■ **Problem details**
When you have gone through the entries below, state how many lines include the word "Semi" and write nothing else.

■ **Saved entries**
______

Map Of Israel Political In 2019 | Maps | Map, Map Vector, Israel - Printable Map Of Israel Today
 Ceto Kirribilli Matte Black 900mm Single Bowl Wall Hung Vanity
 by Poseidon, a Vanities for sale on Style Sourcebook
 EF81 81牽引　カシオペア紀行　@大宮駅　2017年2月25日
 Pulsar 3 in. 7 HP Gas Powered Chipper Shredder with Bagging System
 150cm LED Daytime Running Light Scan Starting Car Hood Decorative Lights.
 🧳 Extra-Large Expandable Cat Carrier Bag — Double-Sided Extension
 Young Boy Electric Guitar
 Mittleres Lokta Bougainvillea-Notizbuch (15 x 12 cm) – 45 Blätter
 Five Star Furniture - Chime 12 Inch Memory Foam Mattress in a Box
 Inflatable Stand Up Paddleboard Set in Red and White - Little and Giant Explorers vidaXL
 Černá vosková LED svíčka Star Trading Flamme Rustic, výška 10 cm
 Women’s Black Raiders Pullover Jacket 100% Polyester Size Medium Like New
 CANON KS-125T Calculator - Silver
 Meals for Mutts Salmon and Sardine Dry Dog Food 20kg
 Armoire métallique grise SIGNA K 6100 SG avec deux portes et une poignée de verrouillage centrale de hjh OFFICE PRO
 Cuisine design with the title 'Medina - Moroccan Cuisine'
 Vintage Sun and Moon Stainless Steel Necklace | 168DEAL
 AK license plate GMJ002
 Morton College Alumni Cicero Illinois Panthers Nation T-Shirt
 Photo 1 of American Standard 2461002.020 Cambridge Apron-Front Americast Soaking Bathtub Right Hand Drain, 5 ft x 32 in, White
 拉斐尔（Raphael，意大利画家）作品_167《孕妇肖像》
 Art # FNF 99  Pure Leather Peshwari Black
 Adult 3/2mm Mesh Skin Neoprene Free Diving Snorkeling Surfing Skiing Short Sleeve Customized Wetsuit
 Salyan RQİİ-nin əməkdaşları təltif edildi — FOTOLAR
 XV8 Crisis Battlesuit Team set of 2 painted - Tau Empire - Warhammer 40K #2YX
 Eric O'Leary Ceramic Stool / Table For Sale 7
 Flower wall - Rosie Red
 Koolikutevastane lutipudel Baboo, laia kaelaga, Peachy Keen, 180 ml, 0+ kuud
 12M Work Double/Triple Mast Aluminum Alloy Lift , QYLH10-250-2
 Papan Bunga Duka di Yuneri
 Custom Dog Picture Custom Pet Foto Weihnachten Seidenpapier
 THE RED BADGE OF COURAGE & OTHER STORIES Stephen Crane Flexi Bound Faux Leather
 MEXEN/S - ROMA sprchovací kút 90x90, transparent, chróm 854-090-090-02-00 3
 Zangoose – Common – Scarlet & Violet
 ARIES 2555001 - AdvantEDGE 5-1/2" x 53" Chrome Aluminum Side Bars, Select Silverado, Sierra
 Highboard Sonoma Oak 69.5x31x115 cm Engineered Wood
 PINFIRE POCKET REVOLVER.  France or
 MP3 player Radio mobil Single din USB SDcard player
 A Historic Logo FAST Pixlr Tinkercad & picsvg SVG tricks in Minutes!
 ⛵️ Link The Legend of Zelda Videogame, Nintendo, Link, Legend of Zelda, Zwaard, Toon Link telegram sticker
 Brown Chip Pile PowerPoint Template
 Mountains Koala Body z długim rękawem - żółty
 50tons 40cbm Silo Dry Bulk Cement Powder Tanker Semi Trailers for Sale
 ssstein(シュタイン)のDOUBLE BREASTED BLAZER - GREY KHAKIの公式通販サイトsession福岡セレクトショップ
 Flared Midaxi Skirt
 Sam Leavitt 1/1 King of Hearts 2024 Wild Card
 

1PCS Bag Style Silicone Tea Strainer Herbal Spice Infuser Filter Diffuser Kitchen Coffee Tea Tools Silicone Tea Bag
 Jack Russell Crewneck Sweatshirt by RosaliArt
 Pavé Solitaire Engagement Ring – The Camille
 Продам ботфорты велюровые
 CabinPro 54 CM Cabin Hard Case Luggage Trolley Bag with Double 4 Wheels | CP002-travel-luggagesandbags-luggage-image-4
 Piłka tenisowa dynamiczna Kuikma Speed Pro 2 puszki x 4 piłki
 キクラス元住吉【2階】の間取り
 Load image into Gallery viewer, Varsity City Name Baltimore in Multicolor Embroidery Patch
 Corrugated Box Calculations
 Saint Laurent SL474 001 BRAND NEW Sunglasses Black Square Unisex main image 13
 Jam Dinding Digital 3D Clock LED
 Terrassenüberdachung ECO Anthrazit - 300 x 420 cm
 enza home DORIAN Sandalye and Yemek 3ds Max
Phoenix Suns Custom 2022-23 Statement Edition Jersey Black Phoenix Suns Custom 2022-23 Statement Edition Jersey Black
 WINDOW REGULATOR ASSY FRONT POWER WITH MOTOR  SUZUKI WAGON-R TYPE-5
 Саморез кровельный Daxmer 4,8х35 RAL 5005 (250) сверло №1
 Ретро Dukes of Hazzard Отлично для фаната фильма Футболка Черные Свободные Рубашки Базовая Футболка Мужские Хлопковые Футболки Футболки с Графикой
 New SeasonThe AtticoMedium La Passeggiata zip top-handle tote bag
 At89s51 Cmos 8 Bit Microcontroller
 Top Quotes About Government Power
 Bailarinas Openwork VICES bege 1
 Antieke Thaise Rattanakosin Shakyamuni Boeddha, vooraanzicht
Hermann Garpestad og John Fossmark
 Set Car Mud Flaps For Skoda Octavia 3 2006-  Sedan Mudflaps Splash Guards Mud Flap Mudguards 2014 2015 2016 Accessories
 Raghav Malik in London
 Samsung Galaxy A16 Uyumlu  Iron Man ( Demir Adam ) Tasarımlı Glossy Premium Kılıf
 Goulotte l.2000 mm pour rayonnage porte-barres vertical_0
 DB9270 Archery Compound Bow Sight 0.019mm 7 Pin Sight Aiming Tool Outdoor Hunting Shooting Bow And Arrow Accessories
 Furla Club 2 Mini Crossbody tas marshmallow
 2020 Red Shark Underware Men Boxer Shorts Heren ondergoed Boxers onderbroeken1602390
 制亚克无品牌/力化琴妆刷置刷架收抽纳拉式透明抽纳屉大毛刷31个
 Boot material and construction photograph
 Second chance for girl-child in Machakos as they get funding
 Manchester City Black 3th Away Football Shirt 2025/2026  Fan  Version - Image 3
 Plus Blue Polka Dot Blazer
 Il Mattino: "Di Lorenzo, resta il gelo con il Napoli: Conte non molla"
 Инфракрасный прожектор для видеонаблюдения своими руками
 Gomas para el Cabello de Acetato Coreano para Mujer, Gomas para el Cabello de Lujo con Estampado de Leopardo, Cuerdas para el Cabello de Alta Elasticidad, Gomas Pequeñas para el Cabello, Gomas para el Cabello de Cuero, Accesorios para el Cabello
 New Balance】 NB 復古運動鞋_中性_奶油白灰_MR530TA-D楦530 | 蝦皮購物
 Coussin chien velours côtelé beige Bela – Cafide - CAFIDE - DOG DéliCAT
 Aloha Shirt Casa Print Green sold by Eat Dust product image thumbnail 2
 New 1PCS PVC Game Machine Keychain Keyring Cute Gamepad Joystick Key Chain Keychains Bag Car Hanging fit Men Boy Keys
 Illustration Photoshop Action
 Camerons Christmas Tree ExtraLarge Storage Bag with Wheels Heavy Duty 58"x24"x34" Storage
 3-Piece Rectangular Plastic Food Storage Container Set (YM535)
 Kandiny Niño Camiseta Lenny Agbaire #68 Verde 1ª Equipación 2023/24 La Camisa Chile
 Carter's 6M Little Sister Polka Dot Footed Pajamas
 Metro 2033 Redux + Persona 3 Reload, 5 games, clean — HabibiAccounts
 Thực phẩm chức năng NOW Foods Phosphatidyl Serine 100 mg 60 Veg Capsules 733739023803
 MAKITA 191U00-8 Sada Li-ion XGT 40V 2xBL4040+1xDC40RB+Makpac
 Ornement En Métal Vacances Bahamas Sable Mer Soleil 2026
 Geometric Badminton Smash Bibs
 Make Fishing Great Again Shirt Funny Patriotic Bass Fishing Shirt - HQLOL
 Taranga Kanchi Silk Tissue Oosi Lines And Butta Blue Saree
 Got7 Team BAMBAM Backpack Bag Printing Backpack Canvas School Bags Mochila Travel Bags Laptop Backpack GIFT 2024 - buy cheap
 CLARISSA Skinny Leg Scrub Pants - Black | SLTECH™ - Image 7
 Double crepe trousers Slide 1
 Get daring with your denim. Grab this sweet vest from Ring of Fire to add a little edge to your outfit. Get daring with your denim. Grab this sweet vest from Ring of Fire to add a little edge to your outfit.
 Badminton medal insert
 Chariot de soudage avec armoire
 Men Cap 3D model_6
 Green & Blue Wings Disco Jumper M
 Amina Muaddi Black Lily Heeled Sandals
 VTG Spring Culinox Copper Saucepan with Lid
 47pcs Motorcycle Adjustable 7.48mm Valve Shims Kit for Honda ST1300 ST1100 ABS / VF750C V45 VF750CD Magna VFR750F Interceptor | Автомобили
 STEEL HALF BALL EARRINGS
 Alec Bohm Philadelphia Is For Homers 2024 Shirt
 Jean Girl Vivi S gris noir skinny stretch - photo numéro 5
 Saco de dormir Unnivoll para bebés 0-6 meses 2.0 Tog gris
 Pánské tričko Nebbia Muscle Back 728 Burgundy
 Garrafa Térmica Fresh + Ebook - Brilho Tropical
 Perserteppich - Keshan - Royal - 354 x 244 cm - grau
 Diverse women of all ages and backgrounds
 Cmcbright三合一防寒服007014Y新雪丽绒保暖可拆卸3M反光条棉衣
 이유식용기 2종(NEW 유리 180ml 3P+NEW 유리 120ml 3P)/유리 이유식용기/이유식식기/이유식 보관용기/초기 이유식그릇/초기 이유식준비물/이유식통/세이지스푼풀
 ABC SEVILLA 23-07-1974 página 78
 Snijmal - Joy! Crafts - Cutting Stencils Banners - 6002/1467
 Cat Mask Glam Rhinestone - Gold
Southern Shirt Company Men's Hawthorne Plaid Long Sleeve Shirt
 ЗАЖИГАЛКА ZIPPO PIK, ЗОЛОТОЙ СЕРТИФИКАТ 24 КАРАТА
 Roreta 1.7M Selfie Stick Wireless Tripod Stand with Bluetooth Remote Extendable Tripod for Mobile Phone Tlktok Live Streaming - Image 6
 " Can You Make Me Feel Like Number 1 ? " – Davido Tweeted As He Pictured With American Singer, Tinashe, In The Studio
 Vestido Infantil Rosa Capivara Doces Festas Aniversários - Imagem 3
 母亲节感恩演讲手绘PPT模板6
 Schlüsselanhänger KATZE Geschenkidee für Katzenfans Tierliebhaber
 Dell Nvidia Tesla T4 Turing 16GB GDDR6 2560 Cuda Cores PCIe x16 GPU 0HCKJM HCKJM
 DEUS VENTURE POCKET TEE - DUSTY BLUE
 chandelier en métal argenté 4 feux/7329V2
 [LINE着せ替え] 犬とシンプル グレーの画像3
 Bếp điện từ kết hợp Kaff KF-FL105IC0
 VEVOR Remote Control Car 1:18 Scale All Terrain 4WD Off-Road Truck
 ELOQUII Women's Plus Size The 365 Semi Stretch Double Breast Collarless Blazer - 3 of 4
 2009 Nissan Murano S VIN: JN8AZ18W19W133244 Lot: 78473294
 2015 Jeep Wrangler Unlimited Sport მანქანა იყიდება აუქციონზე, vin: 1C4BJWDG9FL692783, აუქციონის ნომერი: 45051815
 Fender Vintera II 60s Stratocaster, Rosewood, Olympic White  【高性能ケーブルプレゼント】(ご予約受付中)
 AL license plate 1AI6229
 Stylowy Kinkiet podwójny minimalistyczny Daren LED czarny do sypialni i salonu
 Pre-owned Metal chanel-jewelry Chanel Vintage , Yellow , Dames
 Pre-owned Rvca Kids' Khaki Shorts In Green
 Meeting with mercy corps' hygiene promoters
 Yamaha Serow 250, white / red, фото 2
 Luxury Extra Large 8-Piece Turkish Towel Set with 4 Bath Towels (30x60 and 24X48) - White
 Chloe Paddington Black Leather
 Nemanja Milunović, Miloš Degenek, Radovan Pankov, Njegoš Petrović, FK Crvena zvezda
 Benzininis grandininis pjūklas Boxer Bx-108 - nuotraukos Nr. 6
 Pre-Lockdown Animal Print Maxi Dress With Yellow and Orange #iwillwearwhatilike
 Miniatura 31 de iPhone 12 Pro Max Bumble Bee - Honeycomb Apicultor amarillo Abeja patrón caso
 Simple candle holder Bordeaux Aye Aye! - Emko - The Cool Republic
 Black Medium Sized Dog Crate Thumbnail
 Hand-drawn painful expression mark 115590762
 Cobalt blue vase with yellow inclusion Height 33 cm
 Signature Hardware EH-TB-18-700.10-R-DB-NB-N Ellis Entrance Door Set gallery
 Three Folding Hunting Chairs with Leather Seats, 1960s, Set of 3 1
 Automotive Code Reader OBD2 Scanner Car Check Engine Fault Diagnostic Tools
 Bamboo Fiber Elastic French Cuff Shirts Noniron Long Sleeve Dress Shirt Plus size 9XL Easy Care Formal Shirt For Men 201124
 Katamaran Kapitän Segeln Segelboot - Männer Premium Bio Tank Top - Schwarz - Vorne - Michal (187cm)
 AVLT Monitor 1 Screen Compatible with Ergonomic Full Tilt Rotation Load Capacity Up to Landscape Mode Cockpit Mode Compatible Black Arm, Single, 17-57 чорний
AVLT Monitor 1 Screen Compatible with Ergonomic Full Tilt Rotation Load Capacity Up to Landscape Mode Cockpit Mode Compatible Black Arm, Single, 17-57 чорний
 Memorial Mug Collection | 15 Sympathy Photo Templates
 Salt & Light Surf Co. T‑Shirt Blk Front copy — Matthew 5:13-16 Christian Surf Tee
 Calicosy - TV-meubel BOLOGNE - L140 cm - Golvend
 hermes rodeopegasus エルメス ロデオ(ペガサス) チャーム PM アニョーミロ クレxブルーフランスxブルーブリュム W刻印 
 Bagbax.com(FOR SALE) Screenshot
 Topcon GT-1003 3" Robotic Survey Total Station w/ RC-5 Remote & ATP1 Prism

______

■ **Completed exercise**
2